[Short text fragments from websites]
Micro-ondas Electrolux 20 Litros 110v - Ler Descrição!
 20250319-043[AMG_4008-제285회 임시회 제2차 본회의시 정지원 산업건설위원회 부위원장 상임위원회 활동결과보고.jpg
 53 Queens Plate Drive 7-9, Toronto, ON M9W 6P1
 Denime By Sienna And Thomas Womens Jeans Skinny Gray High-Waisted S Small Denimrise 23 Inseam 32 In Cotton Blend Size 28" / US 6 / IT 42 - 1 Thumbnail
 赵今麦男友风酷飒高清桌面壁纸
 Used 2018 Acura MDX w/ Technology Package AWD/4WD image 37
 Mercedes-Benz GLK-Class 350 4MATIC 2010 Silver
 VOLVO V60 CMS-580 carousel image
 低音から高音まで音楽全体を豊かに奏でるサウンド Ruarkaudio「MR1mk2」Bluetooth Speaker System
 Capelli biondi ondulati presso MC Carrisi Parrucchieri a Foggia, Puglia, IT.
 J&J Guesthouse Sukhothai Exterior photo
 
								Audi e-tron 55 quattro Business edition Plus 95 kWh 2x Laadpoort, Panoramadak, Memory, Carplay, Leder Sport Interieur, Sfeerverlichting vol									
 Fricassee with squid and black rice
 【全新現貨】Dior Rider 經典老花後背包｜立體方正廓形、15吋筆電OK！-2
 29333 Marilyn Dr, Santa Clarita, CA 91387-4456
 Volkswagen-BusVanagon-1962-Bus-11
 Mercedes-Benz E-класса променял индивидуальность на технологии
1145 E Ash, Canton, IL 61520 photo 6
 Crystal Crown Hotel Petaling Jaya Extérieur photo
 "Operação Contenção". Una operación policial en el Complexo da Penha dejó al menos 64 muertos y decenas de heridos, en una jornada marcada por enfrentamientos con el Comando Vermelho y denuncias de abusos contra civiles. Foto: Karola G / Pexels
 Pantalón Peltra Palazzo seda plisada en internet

(YOUR OBJECTIVE):
Please return the lines above exactly, from the first one down to the line with "1145 E Ash, Canton, IL 61520 photo 6", and stop after that line.

(RESULT OF THIS EXERCISE):
Micro-ondas Electrolux 20 Litros 110v - Ler Descrição!
 20250319-043[AMG_4008-제285회 임시회 제2차 본회의시 정지원 산업건설위원회 부위원장 상임위원회 활동결과보고.jpg
 53 Queens Plate Drive 7-9, Toronto, ON M9W 6P1
 Denime By Sienna And Thomas Womens Jeans Skinny Gray High-Waisted S Small Denimrise 23 Inseam 32 In Cotton Blend Size 28" / US 6 / IT 42 - 1 Thumbnail
 赵今麦男友风酷飒高清桌面壁纸
 Used 2018 Acura MDX w/ Technology Package AWD/4WD image 37
 Mercedes-Benz GLK-Class 350 4MATIC 2010 Silver
 VOLVO V60 CMS-580 carousel image
 低音から高音まで音楽全体を豊かに奏でるサウンド Ruarkaudio「MR1mk2」Bluetooth Speaker System
 Capelli biondi ondulati presso MC Carrisi Parrucchieri a Foggia, Puglia, IT.
 J&J Guesthouse Sukhothai Exterior photo
 
								Audi e-tron 55 quattro Business edition Plus 95 kWh 2x Laadpoort, Panoramadak, Memory, Carplay, Leder Sport Interieur, Sfeerverlichting vol									
 Fricassee with squid and black rice
 【全新現貨】Dior Rider 經典老花後背包｜立體方正廓形、15吋筆電OK！-2
 29333 Marilyn Dr, Santa Clarita, CA 91387-4456
 Volkswagen-BusVanagon-1962-Bus-11
 Mercedes-Benz E-класса променял индивидуальность на технологии
1145 E Ash, Canton, IL 61520 photo 6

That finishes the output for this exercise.